Architecture Documentation¶
This document describes the internal architecture, state management, error handling, and technical design decisions of Immich Stack.
System Overview¶
Immich Stack is a stateless CLI application that synchronizes photo stacks between computed groupings and the Immich photo management system via its REST API.
┌──────────────┐ ┌───────────────┐ ┌──────────────┐
│ CLI Tool │ ───> │ Stacker Logic │ ───> │ Immich API │
│ (Commands) │ │ (Grouping) │ │ (Stacks) │
└──────────────┘ └───────────────┘ └──────────────┘
│ │ │
└──────────────────────┴──────────────────────┘
Configuration
(Criteria, Flags, Env)
Core Components¶
- Command Layer (
cmd/): CLI interface and command orchestration - Stacker Logic (
pkg/stacker/): Grouping algorithm and parent selection - API Client (
pkg/immich/): HTTP client with retry logic and error handling - Utilities (
pkg/utils/): Shared types, logging, and helpers
State Management¶
Stateless Design Philosophy¶
Immich Stack is intentionally stateless between runs:
- No persistent database or state files
- Each run fetches fresh data from Immich API
- Computed groupings are derived from criteria on each execution
- No memory of previous runs or decisions
Why Stateless?¶
Advantages:
- Resilient to Immich API changes (always uses current state)
- Self-healing from transient errors (retry on next run)
- Consistent with manually created stacks (no drift from external state)

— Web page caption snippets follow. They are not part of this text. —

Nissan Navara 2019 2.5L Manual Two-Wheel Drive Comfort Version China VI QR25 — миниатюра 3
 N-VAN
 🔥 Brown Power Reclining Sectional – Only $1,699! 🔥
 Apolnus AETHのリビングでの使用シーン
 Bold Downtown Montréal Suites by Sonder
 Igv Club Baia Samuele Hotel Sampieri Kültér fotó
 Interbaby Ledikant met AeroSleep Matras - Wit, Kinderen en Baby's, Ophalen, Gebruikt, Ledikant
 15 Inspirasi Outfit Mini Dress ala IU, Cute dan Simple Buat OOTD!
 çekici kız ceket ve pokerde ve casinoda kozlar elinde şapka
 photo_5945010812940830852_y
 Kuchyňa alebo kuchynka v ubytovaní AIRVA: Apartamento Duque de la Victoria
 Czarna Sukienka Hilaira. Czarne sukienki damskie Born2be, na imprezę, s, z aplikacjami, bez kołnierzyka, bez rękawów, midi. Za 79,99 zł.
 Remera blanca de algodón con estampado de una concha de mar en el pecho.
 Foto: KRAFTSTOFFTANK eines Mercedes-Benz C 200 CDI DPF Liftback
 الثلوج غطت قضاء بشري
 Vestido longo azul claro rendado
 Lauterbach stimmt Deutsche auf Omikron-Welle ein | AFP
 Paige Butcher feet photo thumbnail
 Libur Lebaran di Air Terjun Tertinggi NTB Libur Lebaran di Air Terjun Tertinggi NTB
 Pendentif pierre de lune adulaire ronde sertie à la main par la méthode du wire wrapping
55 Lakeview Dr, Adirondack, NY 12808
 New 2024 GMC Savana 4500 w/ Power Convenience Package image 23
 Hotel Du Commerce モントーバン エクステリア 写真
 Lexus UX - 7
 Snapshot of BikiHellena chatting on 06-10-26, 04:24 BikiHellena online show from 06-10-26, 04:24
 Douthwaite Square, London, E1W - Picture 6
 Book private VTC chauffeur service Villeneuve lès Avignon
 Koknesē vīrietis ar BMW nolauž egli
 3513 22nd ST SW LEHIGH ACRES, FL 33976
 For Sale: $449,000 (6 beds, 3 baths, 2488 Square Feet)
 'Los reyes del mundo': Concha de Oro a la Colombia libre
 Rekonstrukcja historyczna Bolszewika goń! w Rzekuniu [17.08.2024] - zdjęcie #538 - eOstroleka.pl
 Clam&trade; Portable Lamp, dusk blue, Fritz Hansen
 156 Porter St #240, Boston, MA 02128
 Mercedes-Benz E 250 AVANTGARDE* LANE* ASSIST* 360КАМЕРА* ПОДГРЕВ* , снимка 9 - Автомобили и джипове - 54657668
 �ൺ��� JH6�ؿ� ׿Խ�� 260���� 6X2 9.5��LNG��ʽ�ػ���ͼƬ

- No risk of state corruption or inconsistency
- Simpler to reason about and debug
Trade-offs:
- Must re-fetch all data on each run
- Cannot track incremental progress within a run
- No built-in idempotency tracking (relies on API state comparison)
State Lifecycle Per Run¶
Each execution follows this lifecycle:
1. Initialize
├─ Load configuration (env vars, CLI flags)
├─ Create logger
└─ Create API client
2. Fetch Current State
├─ GET /stacks (all existing stacks)
│ └─ Build stacksMap (asset ID → stack)
├─ GET /assets (all assets to process)
│ └─ Enrich with stack information
└─ GET /me (current user information)
3. Compute Desired State
├─ Apply grouping criteria to assets
├─ Form groups (potential stacks)
└─ Determine parent for each group
4. Compare States
├─ Identify new stacks to create
├─ Identify stacks to delete
└─ Identify stacks to update/replace
5. Apply Changes
├─ DELETE /stacks/{id} (remove old stacks)
├─ PUT /stacks (create/update stacks)
└─ Log all actions
6. Cleanup
└─ Exit (no state persisted)
Stack State Representation¶
Current State (from Immich):
type TStack struct {
ID string
PrimaryAssetID string
Assets []TAsset
}
Desired State (computed):
type Group struct {
Key string
Assets []TAsset // First asset is desired parent
}
Stack Comparison Logic¶
Determines if existing stack matches desired stack:
func needsUpdate(existing TStack, desired Group) bool {
// Different parent?
if existing.PrimaryAssetID != desired.Assets[0].ID {
return true
}
// Different asset membership?
if !sameAssets(existing.Assets, desired.Assets) {
return true
}
return false // Stack is already correct
}
Dry-Run Verification¶
How Dry-Run Works¶
Dry-run mode (DRY_RUN=true) simulates all operations without making API changes:
func (c *Client) ModifyStack(assetIDs []string) error {
if c.dryRun {
c.logger.Info("[DRY RUN] Would create stack")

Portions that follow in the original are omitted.